*EXERCISE OBJECTIVE*
Nothing but the lines below between the line holding "Policejní Auto k Tisku omalovánka" and the line holding "언더커버 18AW 블랙 아스트로넛츠 에이전시 후드집업 상품이미지1", inclusive, should appear in the answer, each set down exactly.

*SUPPLIED RECORDS*
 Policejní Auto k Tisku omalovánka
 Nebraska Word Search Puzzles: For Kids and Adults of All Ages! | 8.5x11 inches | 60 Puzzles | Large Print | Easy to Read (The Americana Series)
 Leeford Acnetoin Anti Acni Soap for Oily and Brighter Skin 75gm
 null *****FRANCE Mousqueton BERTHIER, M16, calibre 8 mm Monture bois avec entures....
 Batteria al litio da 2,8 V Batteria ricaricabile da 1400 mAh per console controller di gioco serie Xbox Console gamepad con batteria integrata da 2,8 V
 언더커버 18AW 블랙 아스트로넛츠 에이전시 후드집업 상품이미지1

...

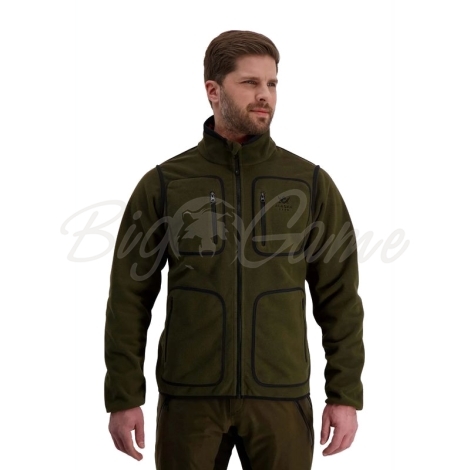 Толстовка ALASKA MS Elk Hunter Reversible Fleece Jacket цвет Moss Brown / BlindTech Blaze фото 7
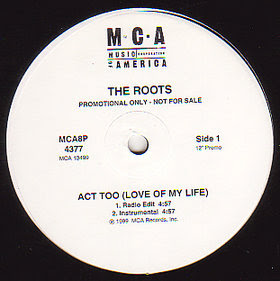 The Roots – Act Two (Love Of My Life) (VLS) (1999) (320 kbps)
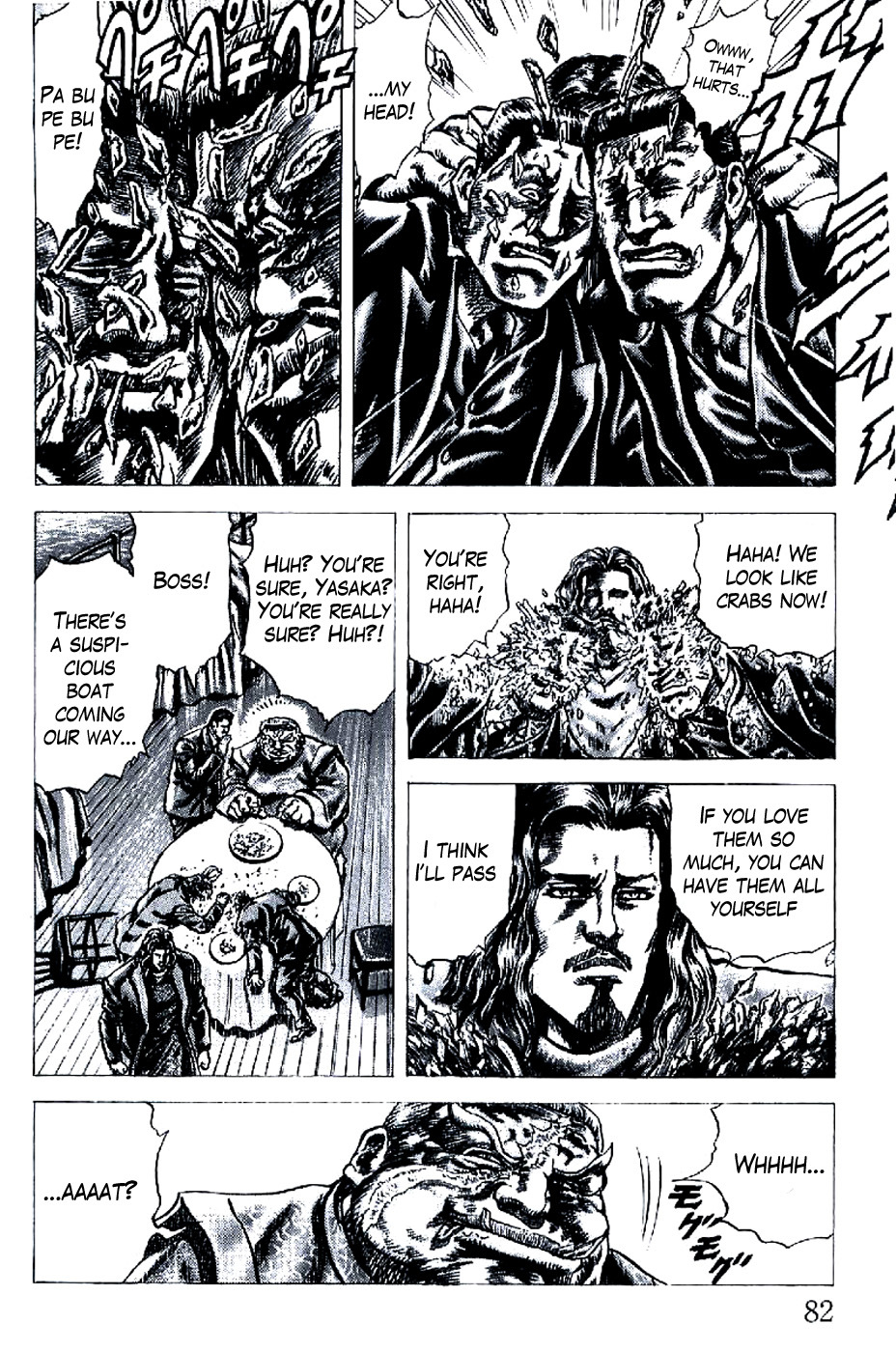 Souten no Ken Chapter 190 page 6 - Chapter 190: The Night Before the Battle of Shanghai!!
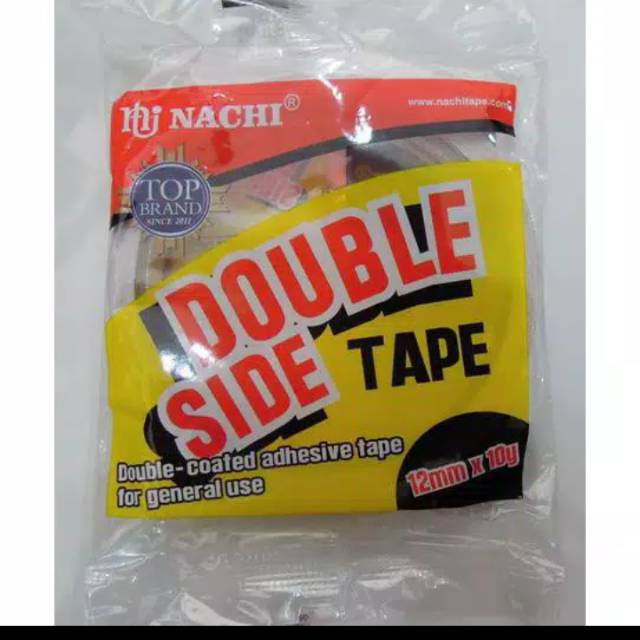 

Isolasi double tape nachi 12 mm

==

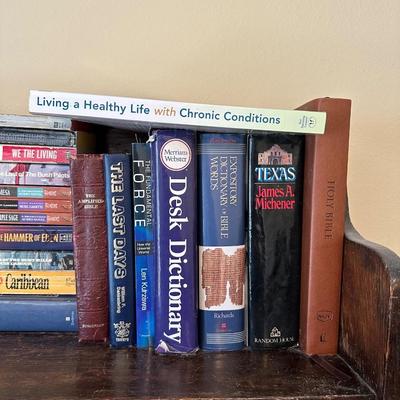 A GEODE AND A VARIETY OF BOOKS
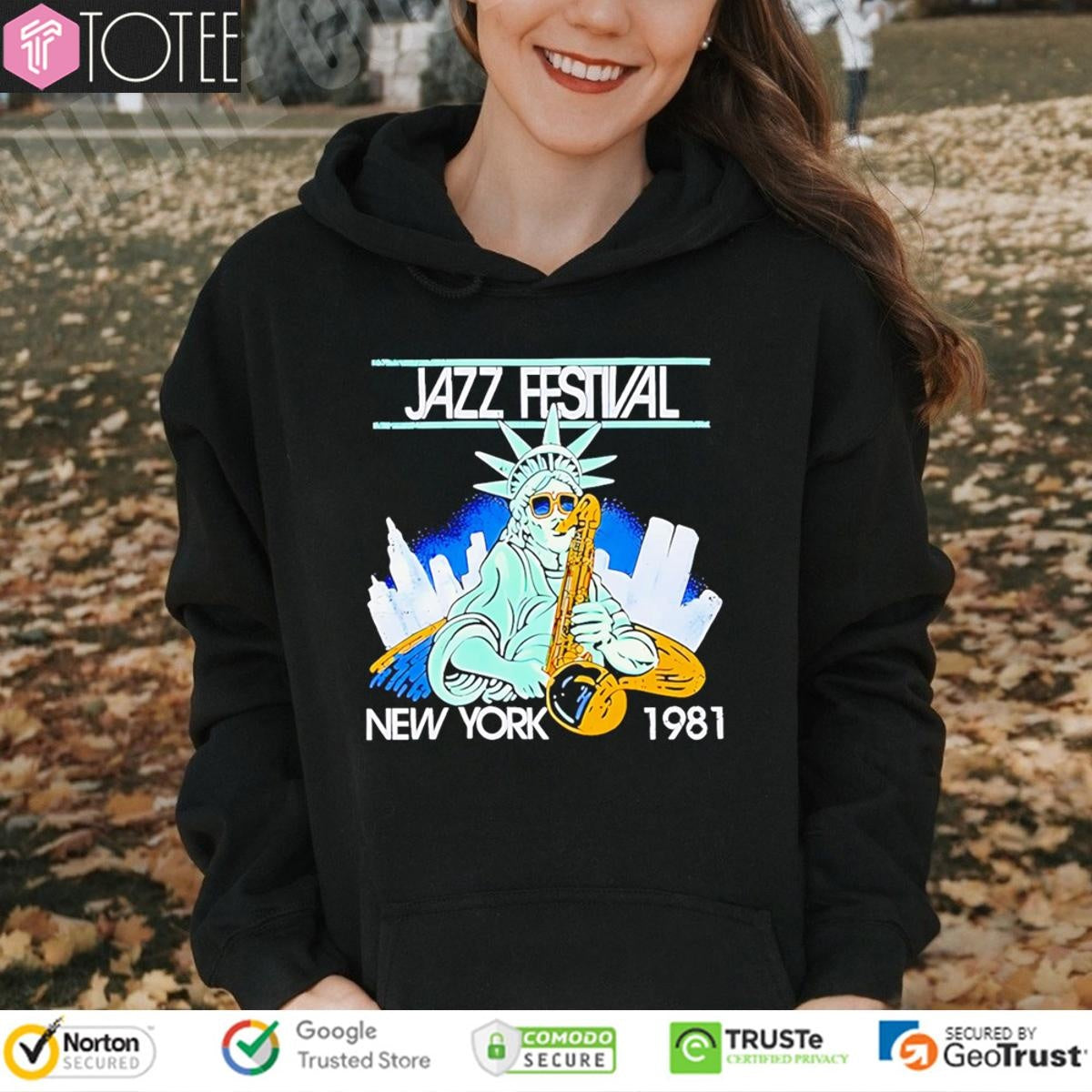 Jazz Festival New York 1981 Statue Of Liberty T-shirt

*ANSWER TO THIS TASK*
 Policejní Auto k Tisku omalovánka
 Nebraska Word Search Puzzles: For Kids and Adults of All Ages! | 8.5x11 inches | 60 Puzzles | Large Print | Easy to Read (The Americana Series)
 Leeford Acnetoin Anti Acni Soap for Oily and Brighter Skin 75gm
 null *****FRANCE Mousqueton BERTHIER, M16, calibre 8 mm Monture bois avec entures....
 Batteria al litio da 2,8 V Batteria ricaricabile da 1400 mAh per console controller di gioco serie Xbox Console gamepad con batteria integrata da 2,8 V
 언더커버 18AW 블랙 아스트로넛츠 에이전시 후드집업 상품이미지1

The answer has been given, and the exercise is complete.